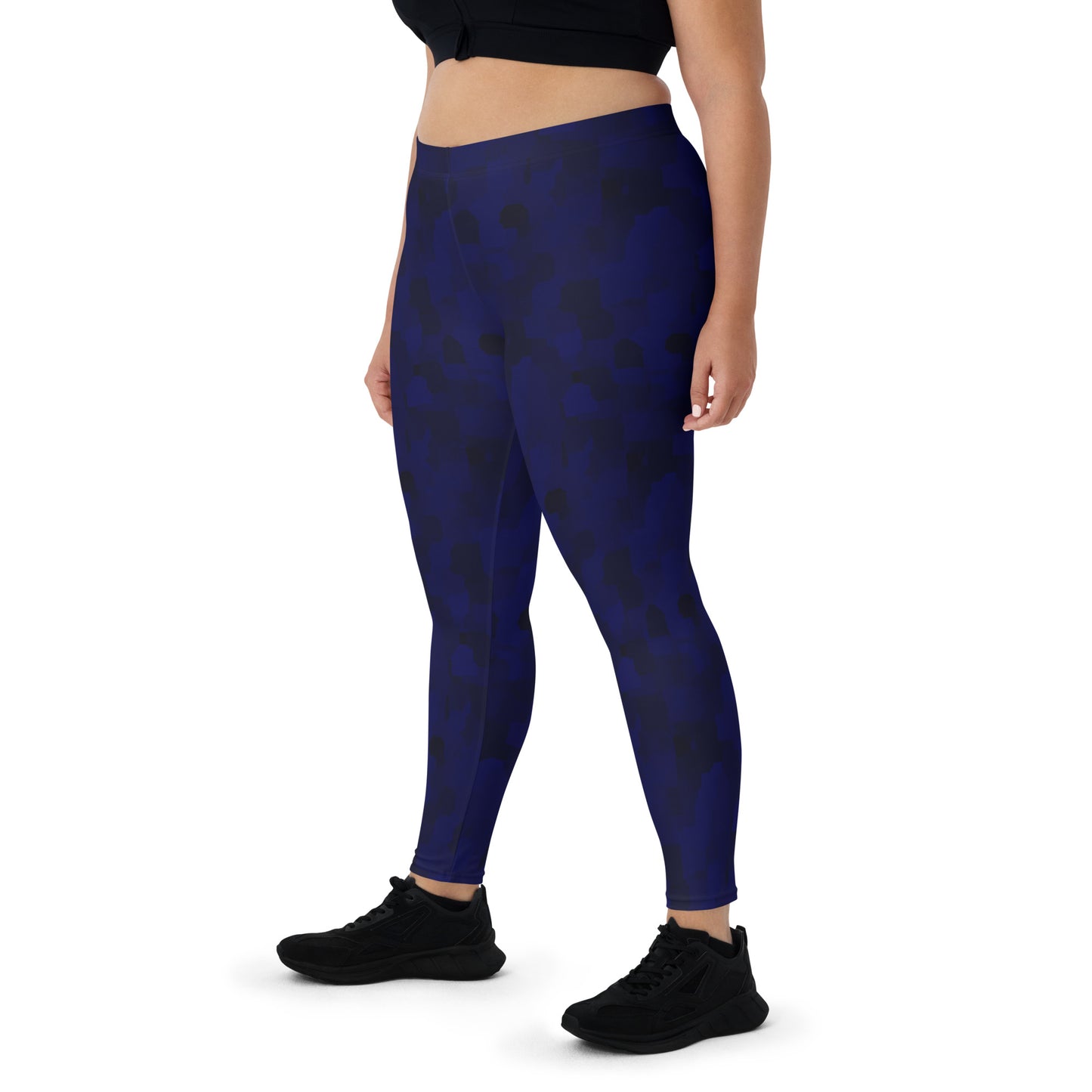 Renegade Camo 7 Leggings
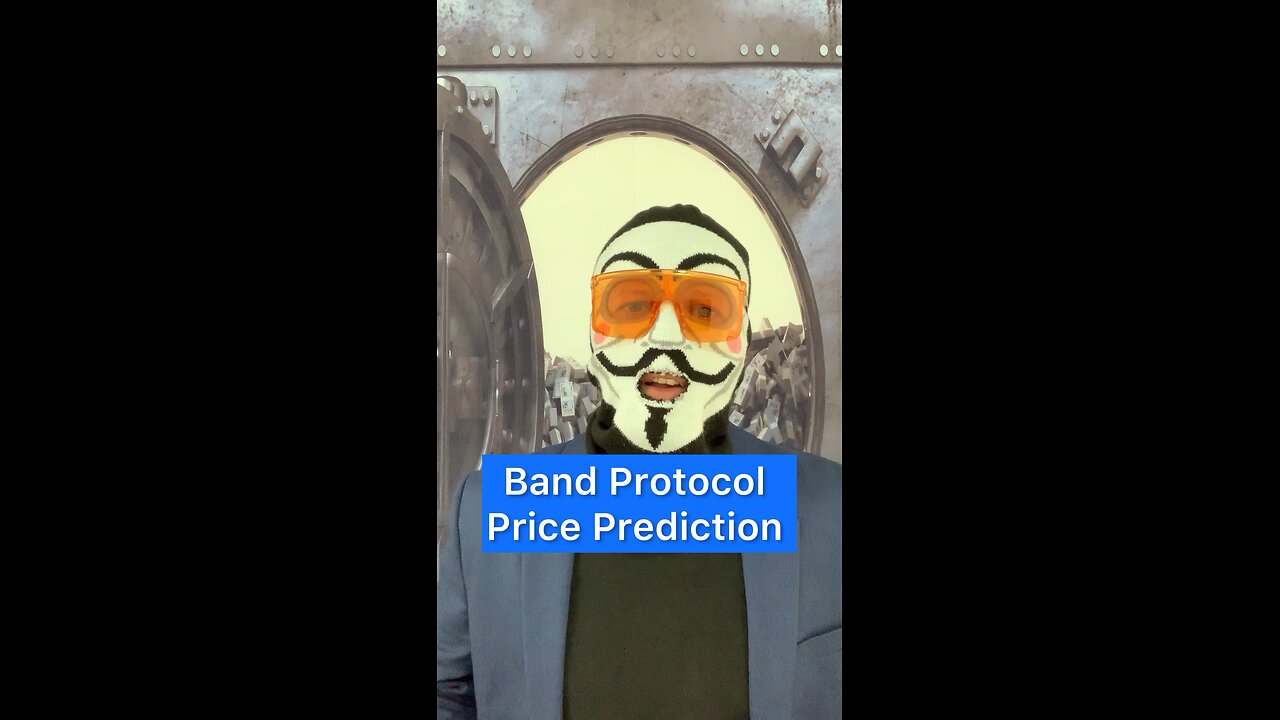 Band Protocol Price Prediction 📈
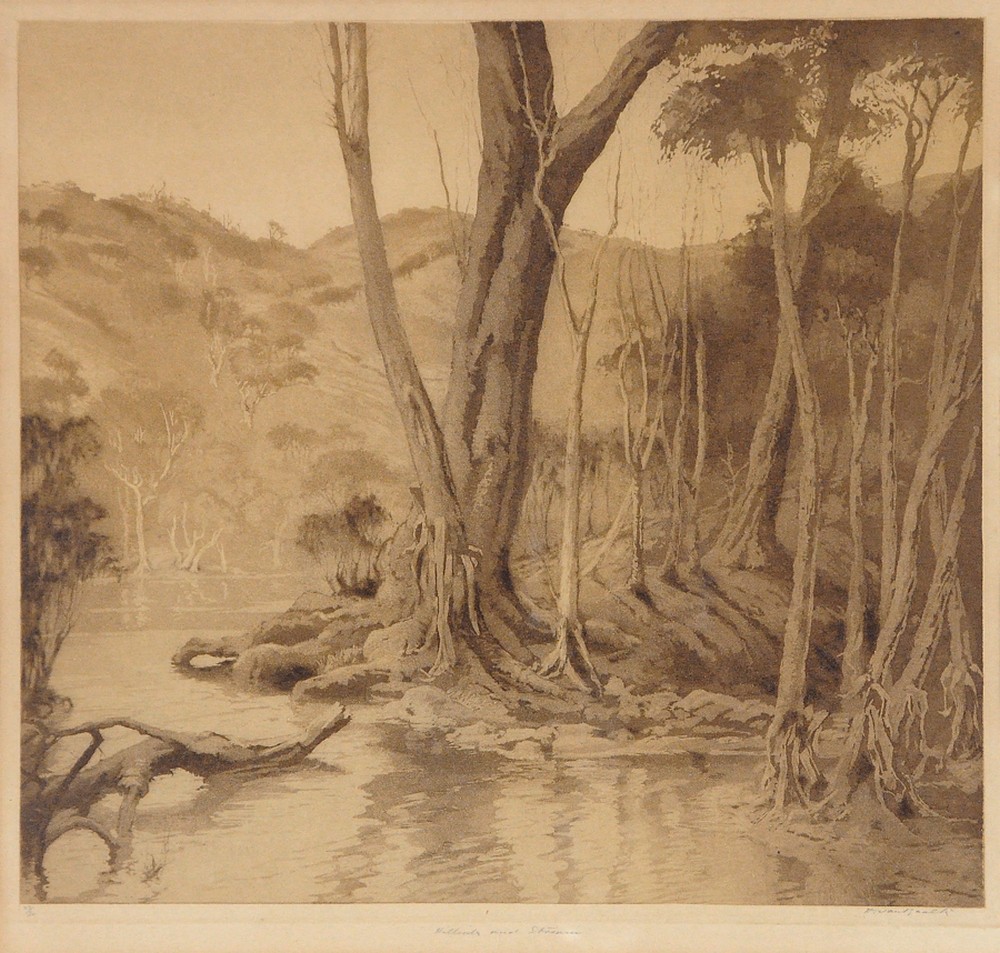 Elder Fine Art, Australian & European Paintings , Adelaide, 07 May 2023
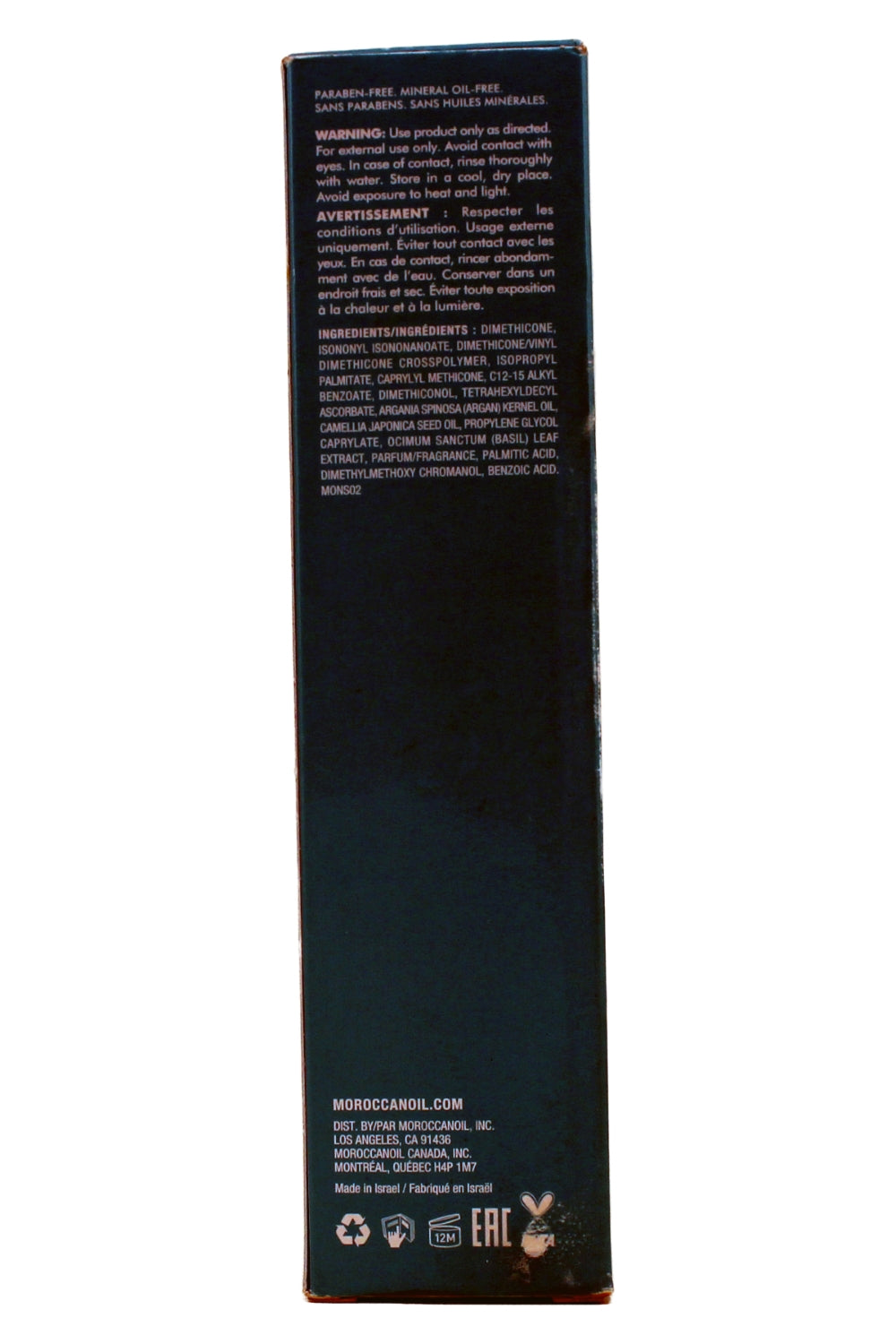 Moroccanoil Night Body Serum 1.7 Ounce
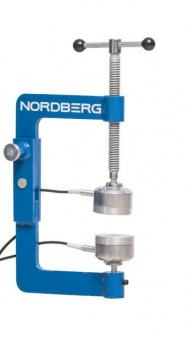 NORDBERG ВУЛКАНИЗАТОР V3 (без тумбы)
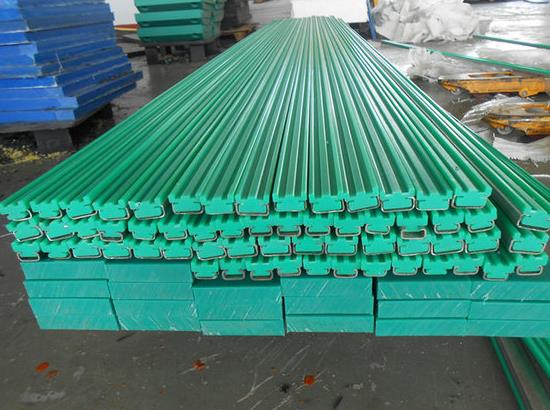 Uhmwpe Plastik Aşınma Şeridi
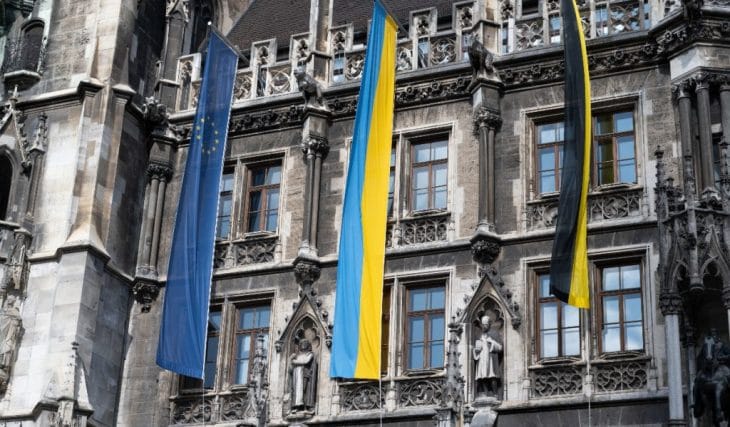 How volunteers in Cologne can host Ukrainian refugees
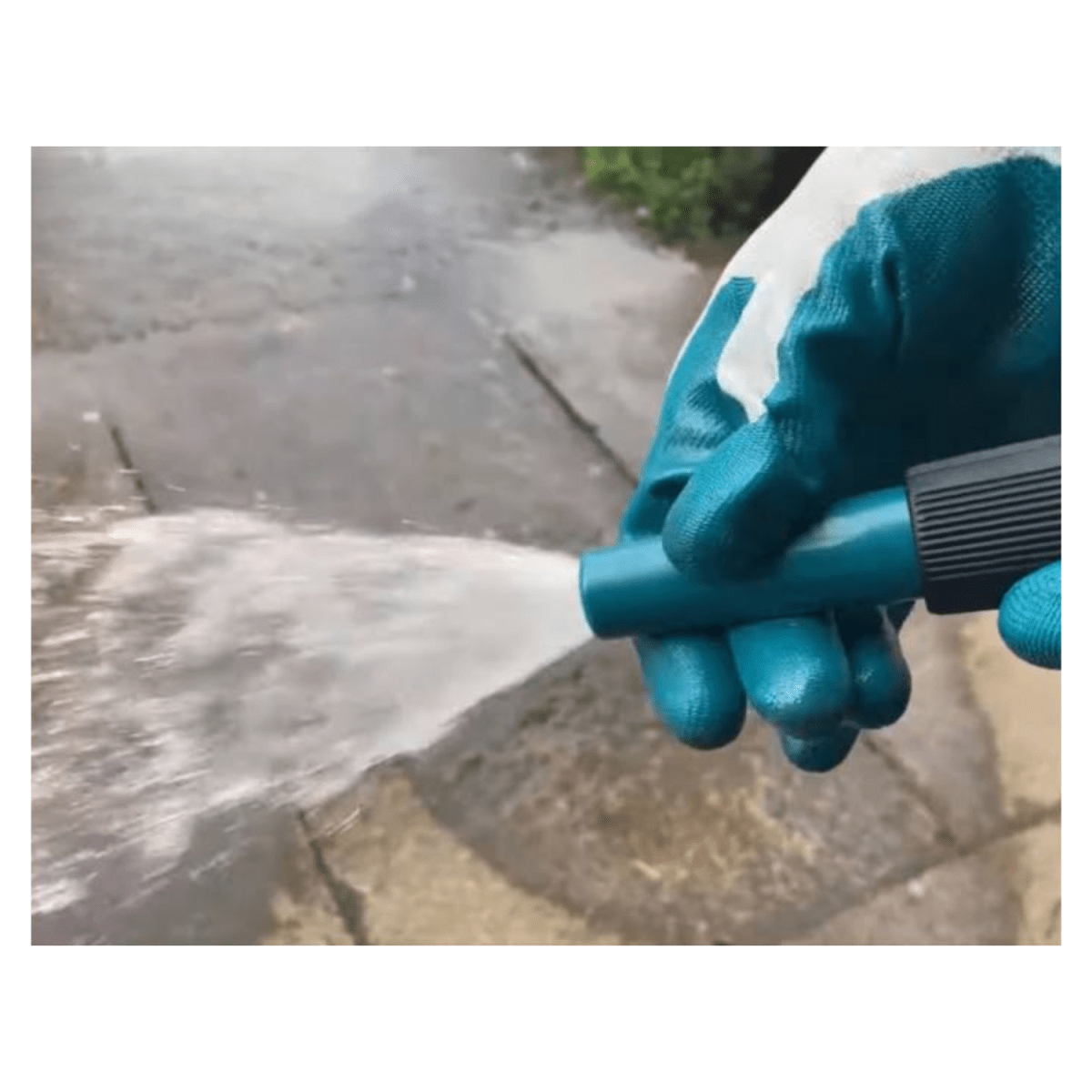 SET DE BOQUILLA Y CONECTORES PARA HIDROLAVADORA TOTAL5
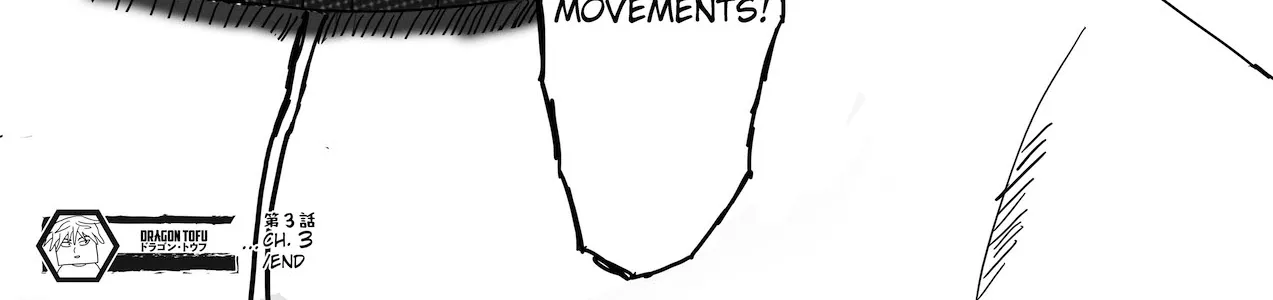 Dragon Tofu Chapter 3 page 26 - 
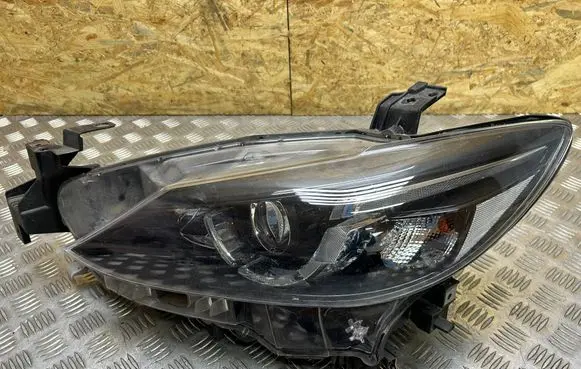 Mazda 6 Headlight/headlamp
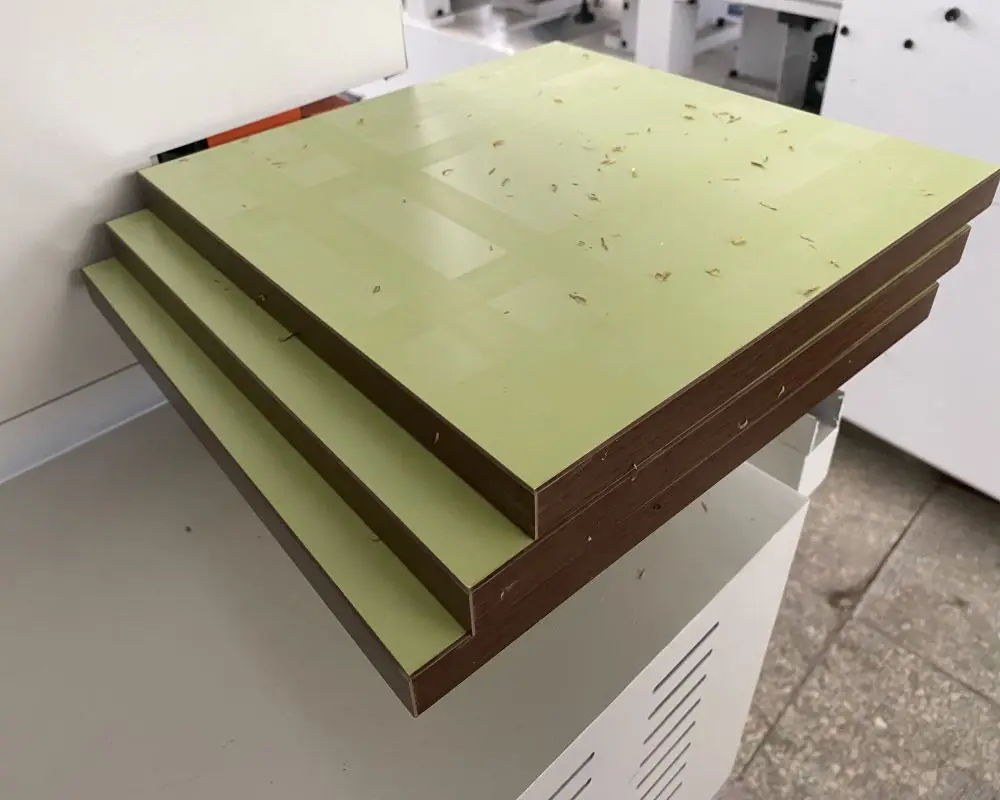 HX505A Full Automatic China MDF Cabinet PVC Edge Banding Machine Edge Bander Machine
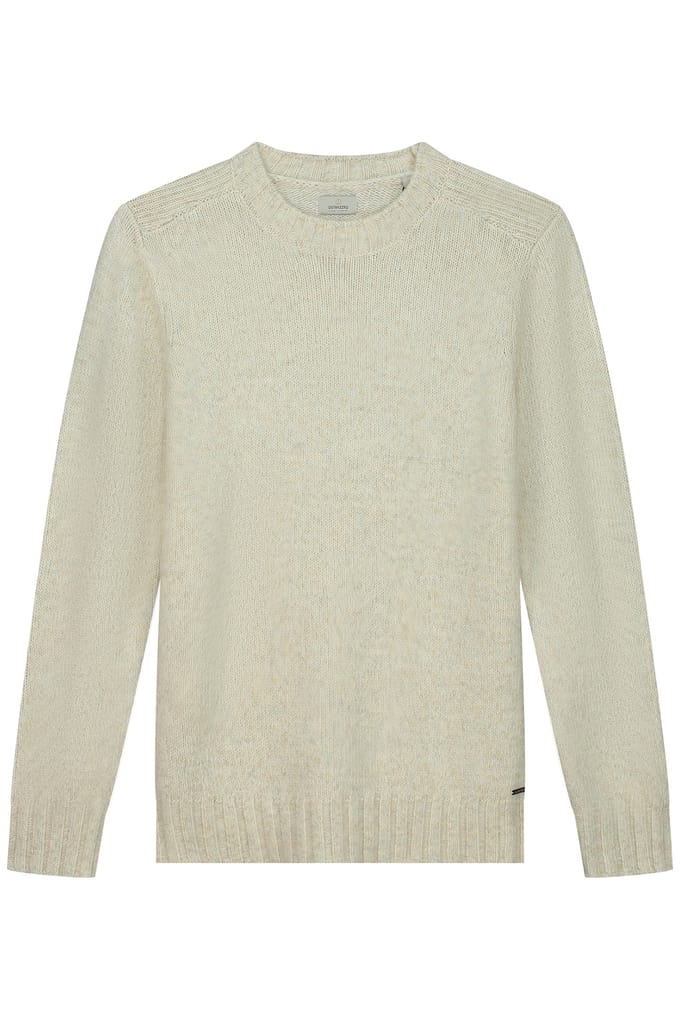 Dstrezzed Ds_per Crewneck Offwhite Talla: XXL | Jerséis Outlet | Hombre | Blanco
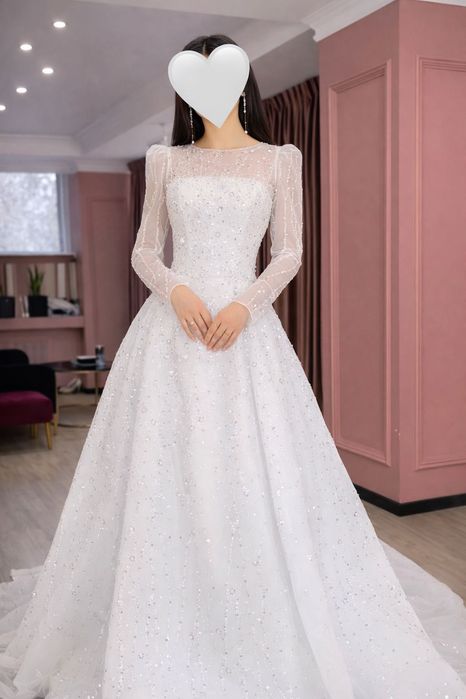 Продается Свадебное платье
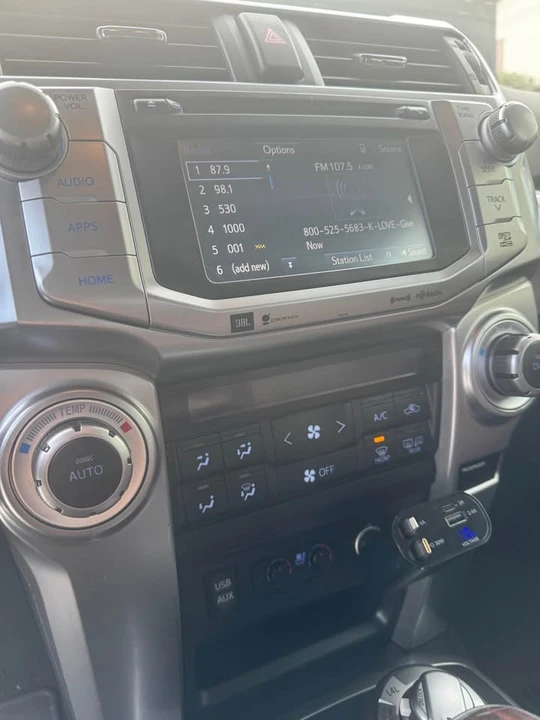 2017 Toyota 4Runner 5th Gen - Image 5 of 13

TASK TO CARRY OUT: Would you set down the records above once more, exactly, with the pictures removed?

EXPECTED ANSWER:
 Renegade Camo 7 Leggings
 Band Protocol Price Prediction 📈
 Elder Fine Art, Australian & European Paintings , Adelaide, 07 May 2023
 Moroccanoil Night Body Serum 1.7 Ounce
 NORDBERG ВУЛКАНИЗАТОР V3 (без тумбы)
 Uhmwpe Plastik Aşınma Şeridi
 How volunteers in Cologne can host Ukrainian refugees
 SET DE BOQUILLA Y CONECTORES PARA HIDROLAVADORA TOTAL5
 Dragon Tofu Chapter 3 page 26 - 
 Mazda 6 Headlight/headlamp
 HX505A Full Automatic China MDF Cabinet PVC Edge Banding Machine Edge Bander Machine
 Dstrezzed Ds_per Crewneck Offwhite Talla: XXL | Jerséis Outlet | Hombre | Blanco
 Продается Свадебное платье
 2017 Toyota 4Runner 5th Gen - Image 5 of 13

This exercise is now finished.